While some argue that such data prove that American economic decline continues, it is far better evidence of the power of the owners of capital and expertise. Corporations are mobile, while residential communities are not; professionals who are technically competent and well paid move faster than ever, and are festooned with portable devices to keep them in touch with some center (portable computers, cell phones, beepers and pagers), while those in nonprofessional jobs, rooted to a place, lose out. The growing service sector, now hitched to the microchip, also polarizes income between a handful of very high paying positions and a mass of low-paying and often part-time jobs.

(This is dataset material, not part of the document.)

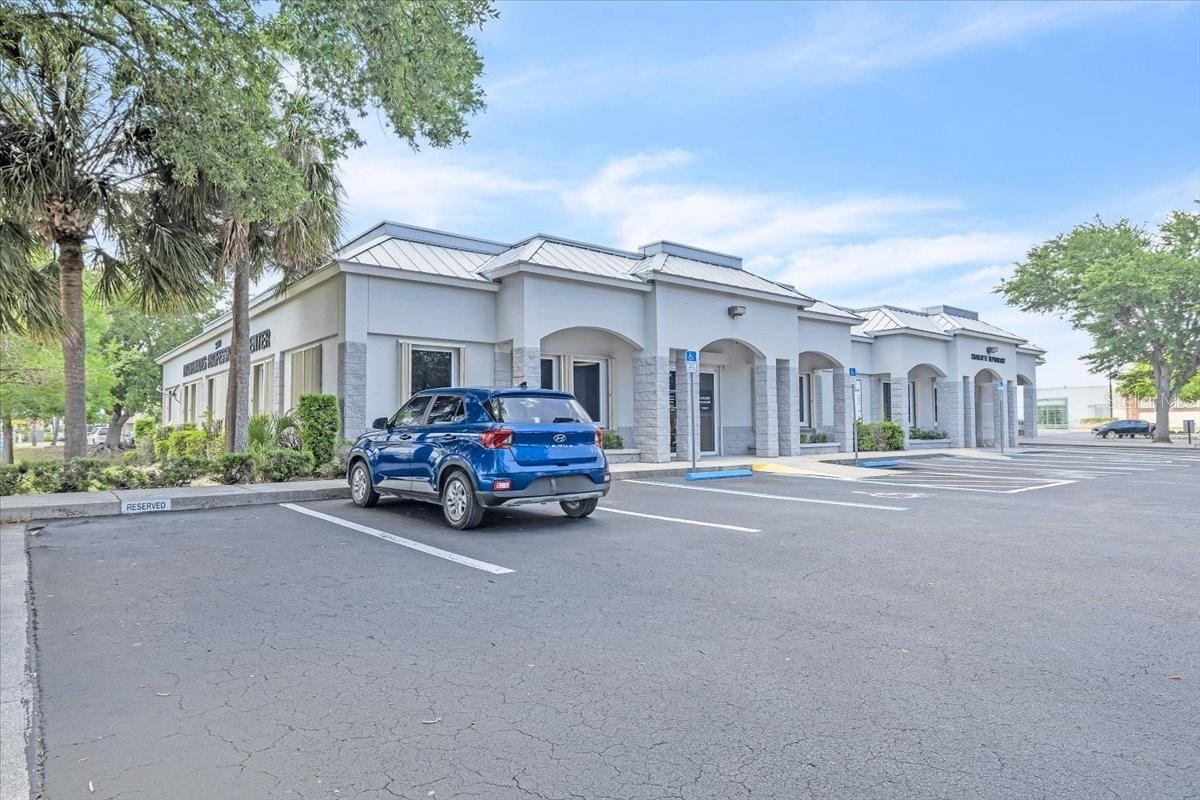 PROMENADES PROFESSIONAL CENTER - Commercial Sale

This creates an enormous problem for the (Keynesian) demand-promotion so essential to maintaining American-style shop-till-you-drop consumption, because you can't maintain a Lucean middle-class lifestyle on stagnant wages. Much more important, however, is the pressure brought to bear by neoliberal efficiencies on existing social arrangements that were the ubiquitous products of the post-World War II settlements in all the industrial countries (the welfare state in the United States, the social market in Germany, the cradle-to-grave permanent employment and welfare of postwar Japan), and that put a floor under poverty and did so much to create huge middle classes. This pressure has now set off a major oppositional movement to neoliberalism and globalization in Western Europe--and in Seattle and DC--with intellectuals coming to see the US challenge as a civilizational confrontation, a matter of life and death: how to protect hard-fought gains for the working and middle classes against an untrammeled "ecumenical gospel" of neoliberalism pioneered by Thatcher and Reagan, but made into his own by the domestic and foreign economic policies of Bill Clinton.